Il n'est guère difficile de prouver que le régime nazi est très fortement apparenté au régime napoléonien sur le plan idéologique, qu'il y a là deux sécularismes similaires. C'est même plus facile encore que de démontrer que le nazisme n'est qu'une variation du capitalisme. La nostalgie du paganisme romain fut même affichée officiellement à la fois par le régime nazi et par le régime de Napoléon Ier (Au centre de la civilisation romaine et qui pousse les chrétiens comme les communistes à la haïr : le culte du destin (symbolisé par la svastika aryenne).

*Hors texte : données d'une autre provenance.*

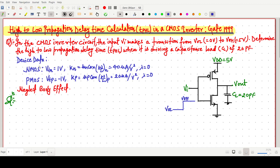Some device data is also given. For the NMOS, threshold voltage is 1V and the transconductance parameter Kn is 40 microampere per volt squared. For the PMOS, threshold voltage is minus 1V and Kp is 20 microampere per volt squared. Channel length modulation and body effect are to be neglected.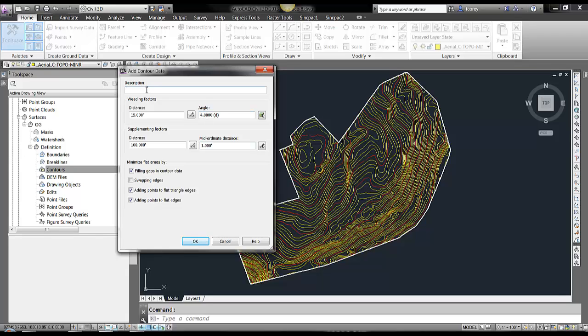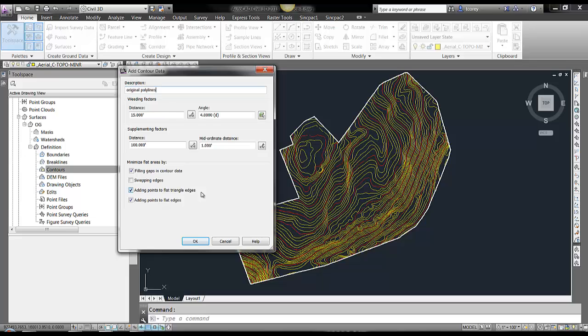Give it a description if you want. Any weeding factors, supplementing factors, and minimize flat area options, we will just leave at defaults. If you don't know what these mean, use the defaults. This tutorial is not going to go into that tab.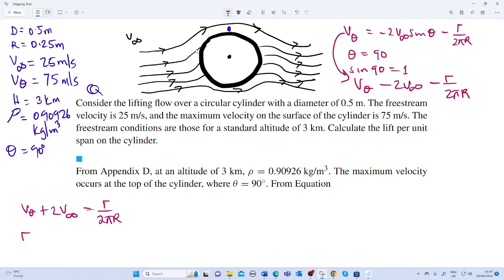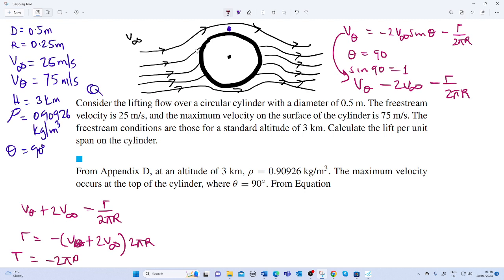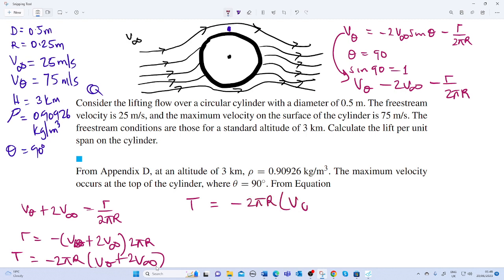Rearranging, the circulation becomes negative. So: circulation over 2 pi r equals minus 2 V-theta plus 2 V-infinity. Therefore, the circulation equals minus 2 pi r times (V-theta plus 2 V-infinity), which simplifies to minus 2 pi r times (V-theta plus 2 V-infinity).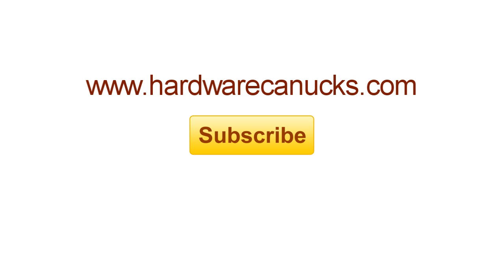And that is it for this episode of Hardware Canucks product review. Please don't forget to subscribe and we'll see you in the next one.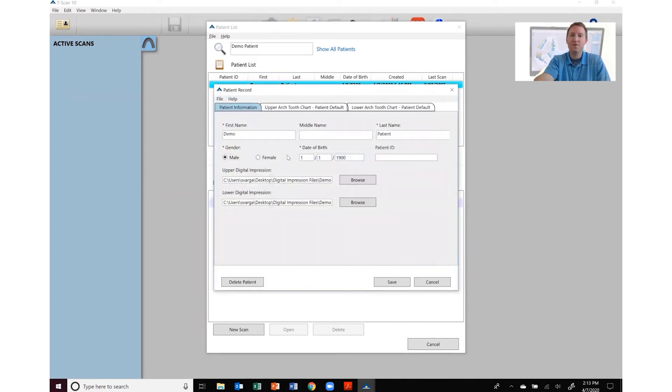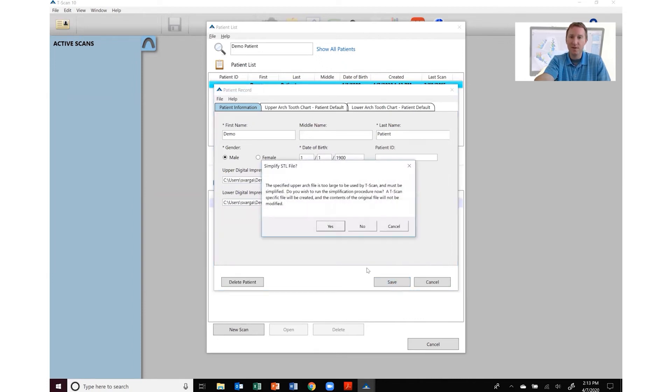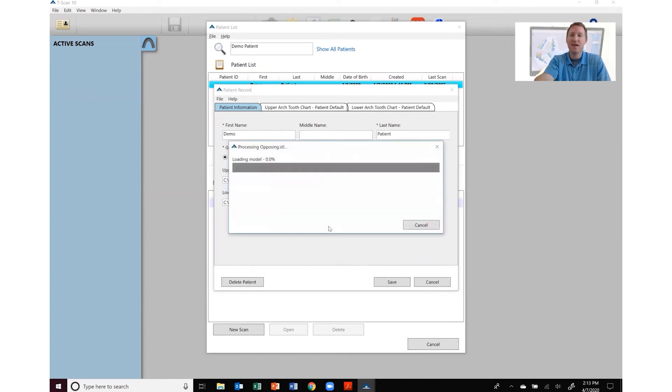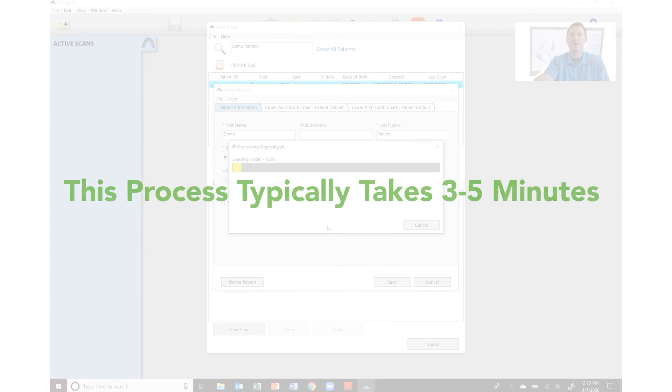Once you locate the files you can now hit save and then Tscan is going to go through its process to minimize the size of the file. All you're going to do here is click yes and let Tscan go through this process.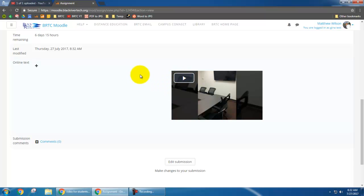And so this is how you upload a video to YouTube and then share it with your instructor on Moodle. I'm also going to provide a link for how you upload a video to YouTube from your phone. And so that may be easier for you.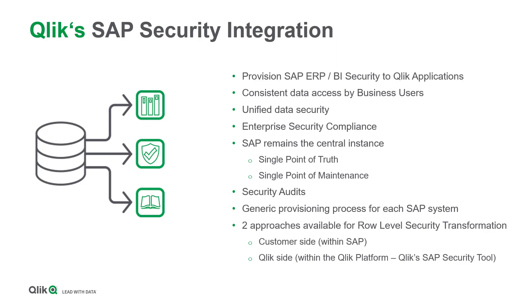It adheres to enterprise security compliance regulations and considers data governance demands. So user access needs only to be maintained in SAP. But as authorization data can be transferred to Qlik, our associative engine can be leveraged to execute security audits in a smart way as well. There are two options how to achieve row-level security transformation in Qlik. You can do it either on the customer side, that is within SAP, or on the Qlik side. Let me explain you both approaches in more detail.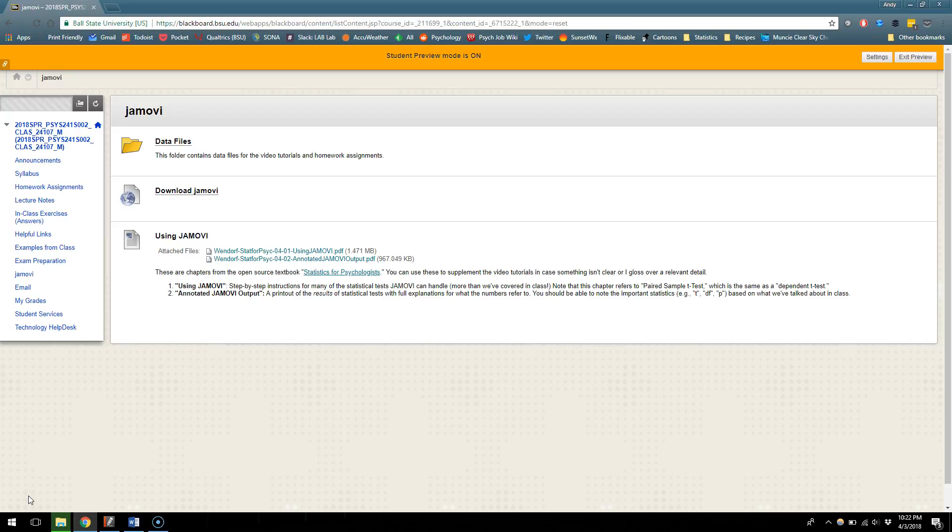So I chose Jamovi for this class because it is free for anyone to download. You can have it on your computer. There are lots of other software programs that are used for statistics and they're either really involved and hard to wrap your head around in a short period of time, or they're super expensive and Ball State doesn't make it very easy to get it on your computer.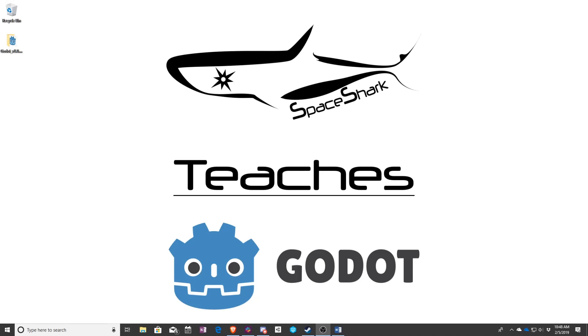Hello and welcome to Spaceshark Teaches. I'm Sean, owner and lead developer of Spaceshark Studios, and in this series we're going to be teaching Godot.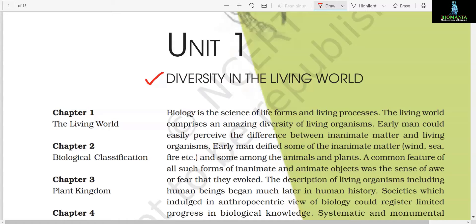Unit 1: Diversity in the Living World. Biology is the science of life forms and living processes. The living world comprises an amazing diversity of living organisms. Early man could easily perceive the difference between inanimate matter and living organisms. Early man deified some of the inanimate matter — wind, sea, fire, etc. — and some among the animals and plants.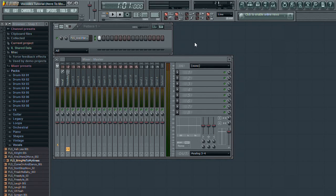In this video, we're going to begin our look at some of the more advanced routing techniques of the modulation and carrier sources within the FL Studio environment.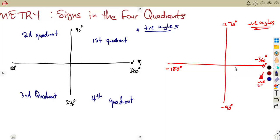In the same manner for negative angles, we still label the quadrants the same way — we do not change that. The first quadrant stays the first quadrant. Now, when I talk about the signs in these four quadrants, it's not about direction; it's about the signs affecting the trigonometric ratios — the trig ratios.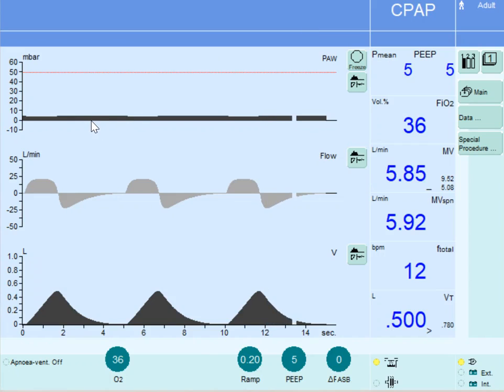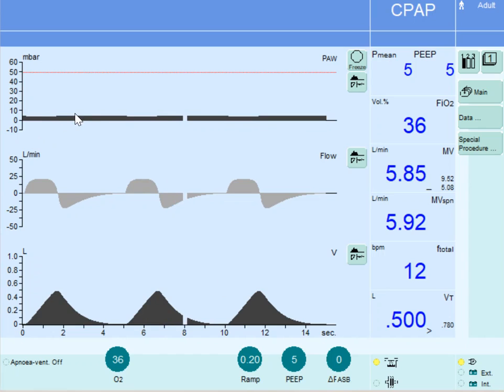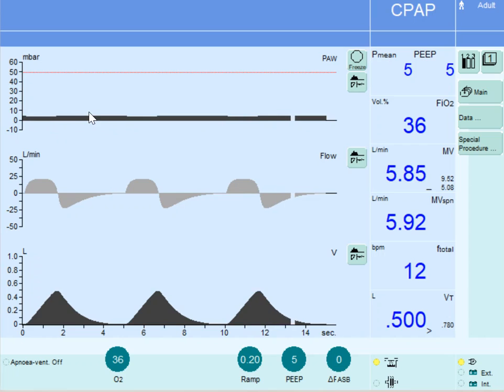In continuous positive airway pressure, which is CPAP, the ventilator maintains a positive pressure value determined by the operator. In this example, it is 5 cm of water during both inspiration and expiration.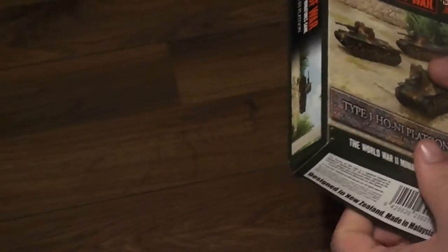Anyway, that has been my Flames of War Japan review. You guys are going to have a couple more of these, so I hope you enjoy. Leave me a comment if you liked it, dislike it if you disliked it, and I'll see you guys on the next one. Bye-bye.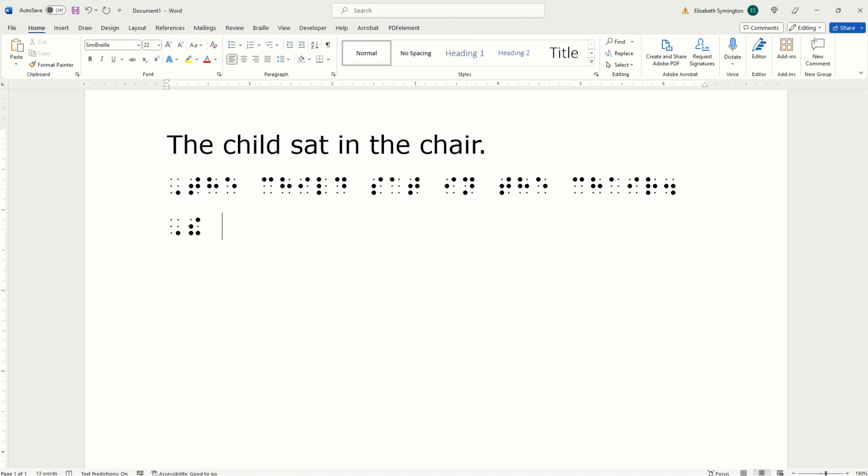The way you write child in contracted Braille is with dots one, six. And that is an asterisk on your keyboard. There's nothing in SAT. It's just spelled out letter for letter. In is shortened all the way to dots three, five. And that's a number nine on your keyboard.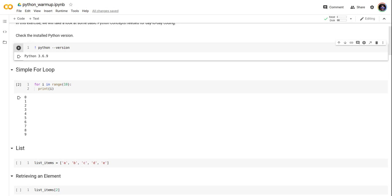Let's take a look at a couple of concepts in Python. Let's start with a simple for loop. Here we use the for statement and print a range of numbers using the print statement. It printed 0 to 9, which is correct.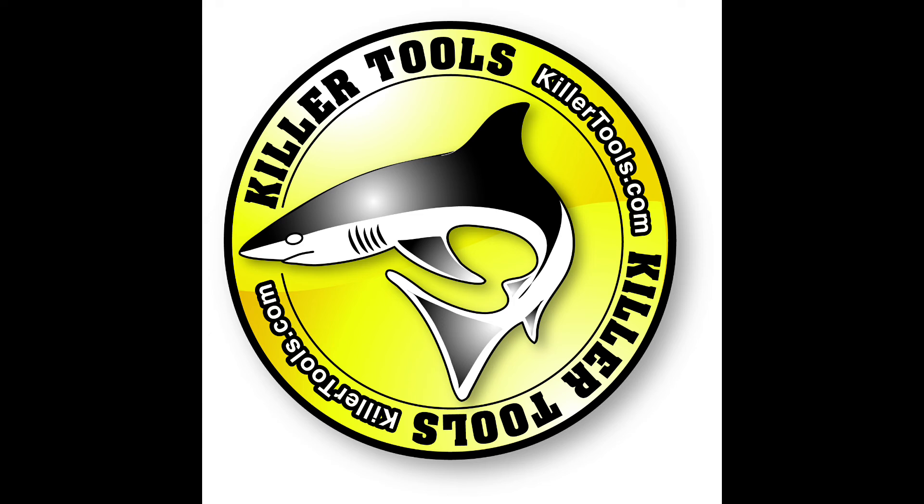We have the best quality, the best service, the best selection with the best prices. Go to Killertools.com to see our full range of measuring trams.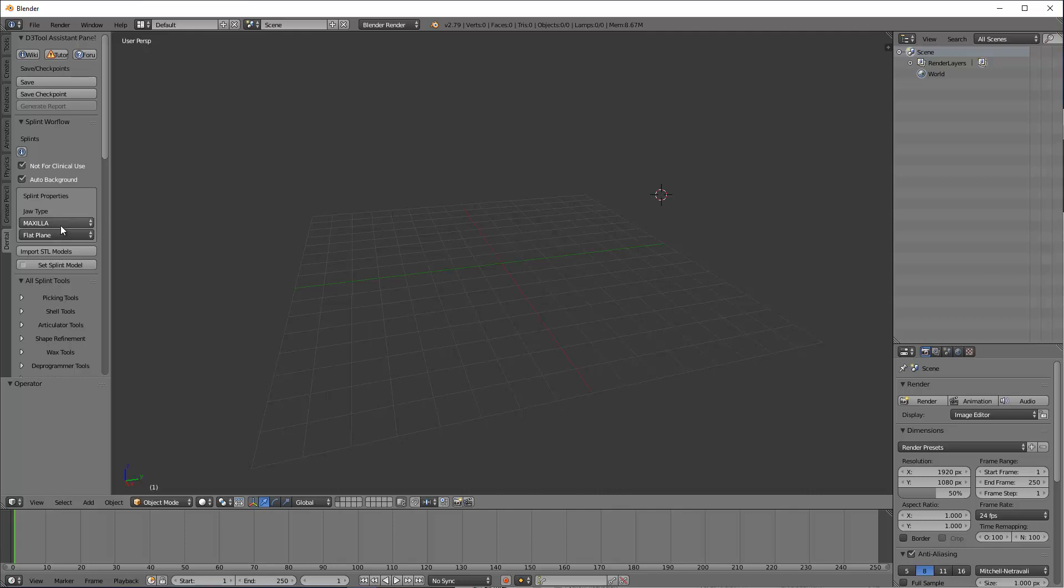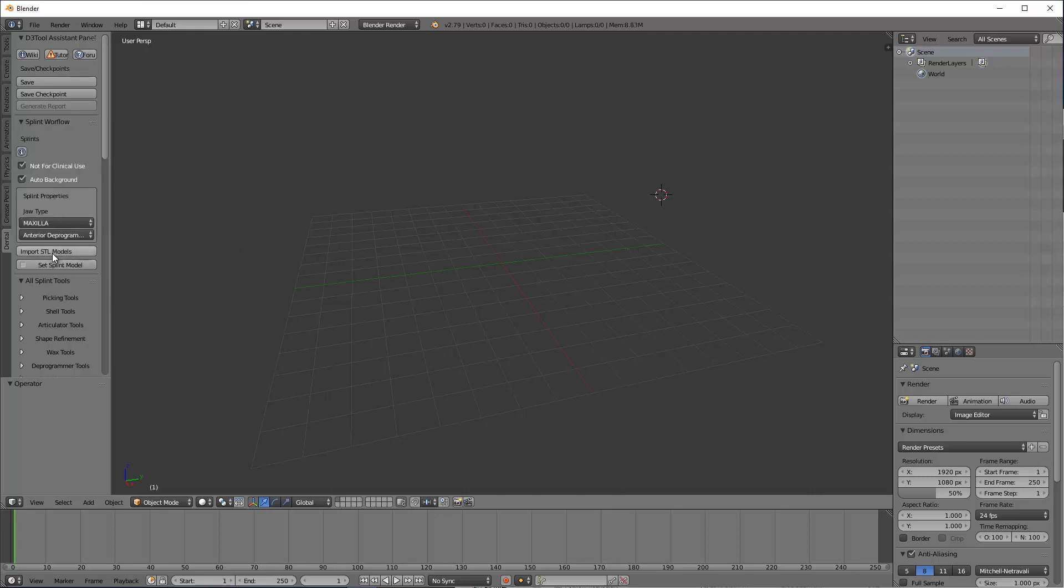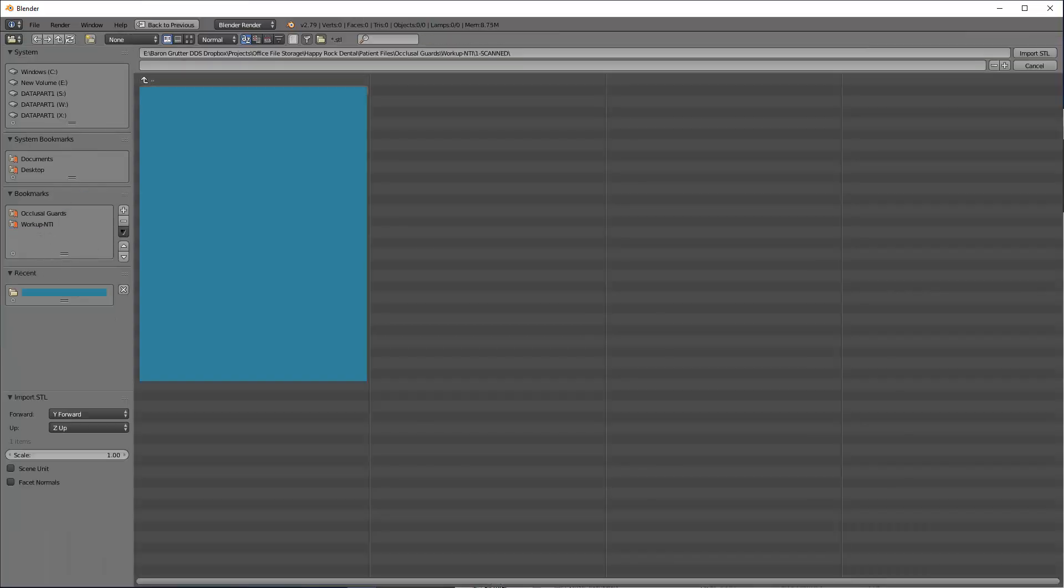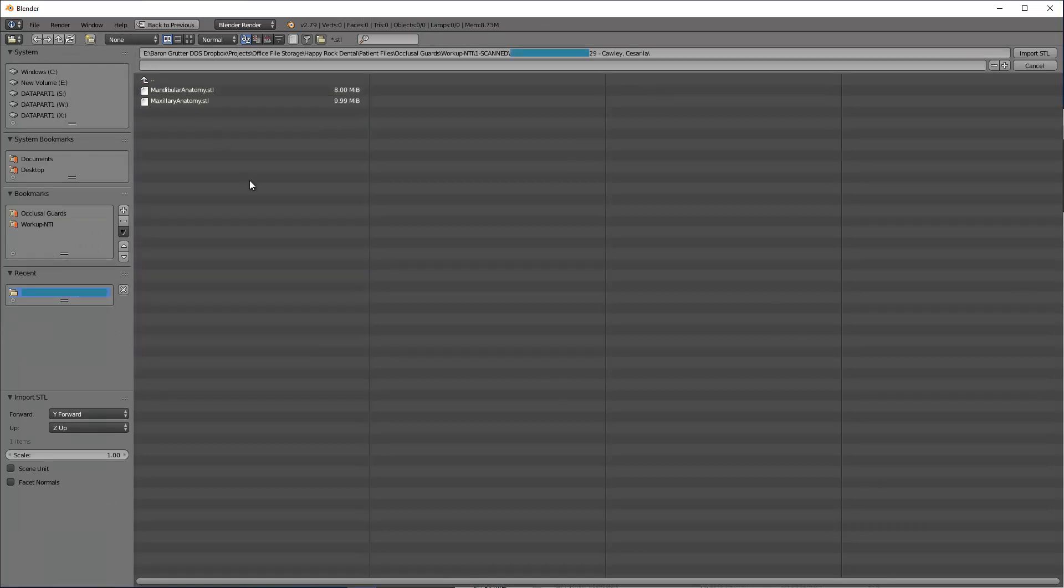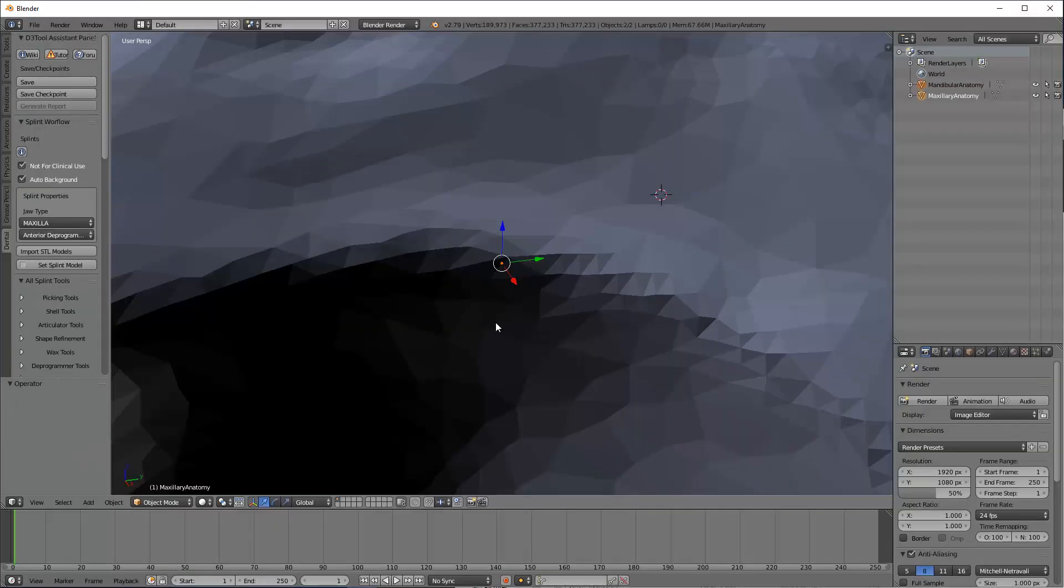This is akin to making one in your lab and you're going to take responsibility for it. Now, for this, the maxilla, that's the dial type. I'm going to make it an anterior deprogrammer. Click on import STL models. I am going to find my models and I will highlight both of them. Come on over here to import STL or just hit the enter button.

Un Français qui possède un minimum de dignité ne peut critiquer cette religion de la bourgeoisie allemande que fut le nazisme, la philosophie d'Heidegger ou de Jünger, cette parodie d'humanisme, sans balayer aussi devant sa porte. Faute de quoi ce n'est qu'un vil opportuniste façon BHL ou Tulard.
Si Dominique Venner actuellement est le seul (à ma connaissance) à être l'auteur d'études historiques soulignant les ressemblances entre les politiques d'Hitler, Napoléon Ier voire Louis XIV, et non à bâtir une fantasmagorie du régime nazi (que les jeunes Français sont de moins en moins disposés à gober malgré les heures de propagandes télévisées hebdomadaires dispensées sans qu'aucun historien proteste, profitant plutôt des plateaux télé pour fourguer leur camelote prétendument historique), ce n'est sûrement pas étranger au fait que Venner se tienne à l'écart de l'Université qui propage une gnose RE-LI-GIEUSE.
Les progrès considérables que Marx et Engels ont fait faire aux études historiques sont une avancée CONTRE la religion bourgeoise et on ne peut les imaginer au sein de l'Université allemande d'où est sortie au contraire la religion nationale-socialiste de Hegel.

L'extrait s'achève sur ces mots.